Demaerel poneert in zijn boek dat vrijzinnigen al te gemakkelijk zijn geloof ofwel beschimpen ofwel ridiculiseren. Nu, beschimpen doe ik sowieso principieel al niet, maar het is me toch moeilijk een lach te onderdrukken bij het lezen van stellingen als “Wetenschap is geweldig als grondslag van technologische vooruitgang, maar niet als grondslag van levensbeschouwing en spiritualiteit, net als lijm zeer goed is om twee objecten aan elkaar te plakken, maar niet om een gebroken huwelijksrelatie te lijmen”. Of nog: “… geloof … vertrouwt op hógere (geestelijke) wetten, net zoals een raket aan de zwaartekracht kan ontsnappen en opstijgen door een stérkere kracht.” Let wel: de vetjes zijn telkens van de schrijver zelf, en het hele boek staat er vol van. Dat wekt de vermoeiende indruk dat er constant iemand tegen je staat te roepen.
Het bevordert de leesbaarheid niet, al kun je meteen de vraag stellen waarom iemand dit überhaupt zou willen lezen. Teveel van de 95 stellingen zijn eigenlijk vooroordelen, die moeten bewijzen dat humanisme geen eigen waarden heeft, ja zelfs de waarden leent van het christendom. Dat argument kennen we, maar ons lijkt het dat het christendom algemeen menselijke waarden, die al veel langer bestonden, tot de hare heeft gemaakt. Zo beweert de auteur ook dat de vrijzinnigen diep-christelijke feesten als Kerstmis en Pasen ontkerstend hebben en er een eigen, heidense versie van creëerden. Alsof niet zowat alle volkeren ter wereld, al voor de geboorte van Jezus, de terugkeer van het licht vierden en allerlei vruchtbaarheidsrituelen hadden.
De vrijzinnigheid is de schuld van alle zonden in de wereld. Porno, prostitutie, ontspoorde seksualiteit, gebrek aan huwelijksmoraal… wij hebben het gedaan! Het slechte zit de mens ingebakken en al het goede komt van god. Ook de fakkel moet het ontgelden: “… een zeer treffend en veelzeggend symbool voor het humanisme. Maar wie prefereert de rolluiken en gordijnen gesloten te houden en een fakkel aan te steken, als buiten de zon schijnt?” Waarschijnlijk gaat de auteur met de kippen op stok, anders zou hij weten dat het ’s avonds wel eens donker wordt.

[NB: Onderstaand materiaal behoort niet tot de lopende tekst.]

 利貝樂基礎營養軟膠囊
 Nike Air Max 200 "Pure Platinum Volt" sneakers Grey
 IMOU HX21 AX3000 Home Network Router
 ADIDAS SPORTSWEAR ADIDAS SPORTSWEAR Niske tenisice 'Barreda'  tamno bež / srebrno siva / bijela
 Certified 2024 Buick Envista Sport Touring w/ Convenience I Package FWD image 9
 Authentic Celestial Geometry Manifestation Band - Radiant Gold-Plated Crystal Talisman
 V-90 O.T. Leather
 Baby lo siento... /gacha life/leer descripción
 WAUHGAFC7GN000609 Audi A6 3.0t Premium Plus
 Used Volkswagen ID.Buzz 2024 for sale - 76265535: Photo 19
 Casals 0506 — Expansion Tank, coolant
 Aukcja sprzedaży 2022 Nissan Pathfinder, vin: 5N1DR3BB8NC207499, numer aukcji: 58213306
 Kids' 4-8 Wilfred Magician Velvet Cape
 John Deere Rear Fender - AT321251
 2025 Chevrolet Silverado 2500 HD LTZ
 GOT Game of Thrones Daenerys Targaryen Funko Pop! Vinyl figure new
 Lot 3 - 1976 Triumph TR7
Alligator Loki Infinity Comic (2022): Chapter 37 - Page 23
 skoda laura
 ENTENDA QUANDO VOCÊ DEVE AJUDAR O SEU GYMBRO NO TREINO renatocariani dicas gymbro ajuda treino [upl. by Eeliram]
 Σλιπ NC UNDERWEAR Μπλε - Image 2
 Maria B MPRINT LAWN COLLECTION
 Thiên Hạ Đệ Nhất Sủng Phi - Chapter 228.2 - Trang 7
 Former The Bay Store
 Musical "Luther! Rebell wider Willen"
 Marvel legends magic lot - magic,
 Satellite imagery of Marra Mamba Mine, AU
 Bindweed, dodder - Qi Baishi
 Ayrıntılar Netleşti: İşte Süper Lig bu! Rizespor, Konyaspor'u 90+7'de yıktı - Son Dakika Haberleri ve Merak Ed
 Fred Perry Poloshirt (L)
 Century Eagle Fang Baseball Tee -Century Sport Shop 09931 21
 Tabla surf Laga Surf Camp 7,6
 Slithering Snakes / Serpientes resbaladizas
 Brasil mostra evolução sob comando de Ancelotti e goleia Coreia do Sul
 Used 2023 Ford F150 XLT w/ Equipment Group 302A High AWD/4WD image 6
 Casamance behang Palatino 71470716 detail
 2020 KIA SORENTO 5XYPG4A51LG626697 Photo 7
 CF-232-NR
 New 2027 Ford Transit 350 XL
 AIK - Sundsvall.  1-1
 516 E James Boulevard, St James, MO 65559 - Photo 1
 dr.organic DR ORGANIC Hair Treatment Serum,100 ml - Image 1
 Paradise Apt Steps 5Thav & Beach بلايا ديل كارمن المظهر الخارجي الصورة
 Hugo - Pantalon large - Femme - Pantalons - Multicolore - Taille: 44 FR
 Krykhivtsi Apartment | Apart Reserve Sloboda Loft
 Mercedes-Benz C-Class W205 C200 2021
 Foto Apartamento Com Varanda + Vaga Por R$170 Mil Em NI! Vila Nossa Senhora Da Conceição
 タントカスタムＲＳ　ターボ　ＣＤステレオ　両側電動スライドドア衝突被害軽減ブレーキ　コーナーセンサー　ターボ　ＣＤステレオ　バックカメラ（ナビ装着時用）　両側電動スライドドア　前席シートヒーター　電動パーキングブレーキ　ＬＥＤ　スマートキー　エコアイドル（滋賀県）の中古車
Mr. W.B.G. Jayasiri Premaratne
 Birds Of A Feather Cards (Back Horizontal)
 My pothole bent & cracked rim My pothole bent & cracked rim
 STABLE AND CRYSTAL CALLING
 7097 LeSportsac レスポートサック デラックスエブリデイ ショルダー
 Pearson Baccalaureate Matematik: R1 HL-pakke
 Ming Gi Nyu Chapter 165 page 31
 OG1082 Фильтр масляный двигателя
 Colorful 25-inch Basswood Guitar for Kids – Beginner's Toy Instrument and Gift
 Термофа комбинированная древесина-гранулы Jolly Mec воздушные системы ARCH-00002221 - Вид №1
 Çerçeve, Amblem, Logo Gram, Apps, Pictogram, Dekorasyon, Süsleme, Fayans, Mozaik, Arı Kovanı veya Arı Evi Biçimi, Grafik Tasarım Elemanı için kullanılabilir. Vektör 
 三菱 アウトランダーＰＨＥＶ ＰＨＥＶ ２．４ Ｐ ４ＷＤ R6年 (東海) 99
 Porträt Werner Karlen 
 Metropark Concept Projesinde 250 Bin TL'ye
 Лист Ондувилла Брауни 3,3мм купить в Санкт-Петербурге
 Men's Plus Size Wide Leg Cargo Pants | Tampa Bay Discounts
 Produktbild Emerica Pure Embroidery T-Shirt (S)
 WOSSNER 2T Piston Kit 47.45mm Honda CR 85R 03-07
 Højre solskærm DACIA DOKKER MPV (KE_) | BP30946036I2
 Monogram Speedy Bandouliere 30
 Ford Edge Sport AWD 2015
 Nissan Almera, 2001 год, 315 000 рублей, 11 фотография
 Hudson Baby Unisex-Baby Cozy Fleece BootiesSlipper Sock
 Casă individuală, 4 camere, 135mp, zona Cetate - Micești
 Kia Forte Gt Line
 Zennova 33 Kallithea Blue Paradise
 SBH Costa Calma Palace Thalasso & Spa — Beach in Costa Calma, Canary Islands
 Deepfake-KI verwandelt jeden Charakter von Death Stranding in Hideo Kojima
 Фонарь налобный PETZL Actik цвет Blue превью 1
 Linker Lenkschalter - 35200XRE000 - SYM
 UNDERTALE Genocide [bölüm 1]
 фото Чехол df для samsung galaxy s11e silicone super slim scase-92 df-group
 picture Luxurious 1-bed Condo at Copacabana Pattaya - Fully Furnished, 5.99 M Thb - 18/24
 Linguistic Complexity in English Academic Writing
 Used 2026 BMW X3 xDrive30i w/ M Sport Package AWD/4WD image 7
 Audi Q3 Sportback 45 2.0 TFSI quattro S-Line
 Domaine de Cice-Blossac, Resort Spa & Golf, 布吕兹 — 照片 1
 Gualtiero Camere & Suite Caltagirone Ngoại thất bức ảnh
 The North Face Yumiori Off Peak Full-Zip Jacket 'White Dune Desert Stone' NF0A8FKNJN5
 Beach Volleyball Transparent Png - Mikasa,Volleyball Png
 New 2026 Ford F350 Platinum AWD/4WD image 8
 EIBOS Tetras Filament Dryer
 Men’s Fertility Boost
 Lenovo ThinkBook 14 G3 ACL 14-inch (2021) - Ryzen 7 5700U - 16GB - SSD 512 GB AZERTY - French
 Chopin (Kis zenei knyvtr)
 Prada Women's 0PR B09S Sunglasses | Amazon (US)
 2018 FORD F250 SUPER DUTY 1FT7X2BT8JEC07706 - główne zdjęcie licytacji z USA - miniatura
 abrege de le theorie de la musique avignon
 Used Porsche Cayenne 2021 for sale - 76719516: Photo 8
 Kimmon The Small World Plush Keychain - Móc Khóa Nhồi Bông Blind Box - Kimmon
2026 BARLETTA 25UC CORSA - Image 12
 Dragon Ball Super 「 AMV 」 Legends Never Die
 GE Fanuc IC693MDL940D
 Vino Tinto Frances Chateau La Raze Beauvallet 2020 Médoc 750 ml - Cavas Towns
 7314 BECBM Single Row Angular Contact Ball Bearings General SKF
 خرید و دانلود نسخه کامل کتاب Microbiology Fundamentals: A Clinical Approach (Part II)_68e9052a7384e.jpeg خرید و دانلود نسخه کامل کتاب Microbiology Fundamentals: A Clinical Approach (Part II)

De conclusie van Demaerel is eenvoudig: de rede moet van het voetstuk en god moet opnieuw in het centrum. Dat is de oplossing voor alle problemen in deze wereld. En dat bewijst Demaerel met een reeks tautologieën, kromme vergelijkingen en veel te veel vetgedrukte woorden.
Ignace Demaerel, 95 stellingen over het humanisme, Uitgeverij Boekscout.nl, Soest (NL), september 2017, ISBN: 978-94-0223-915-7, 232 p., € 20,99 € (verzending inbegrepen).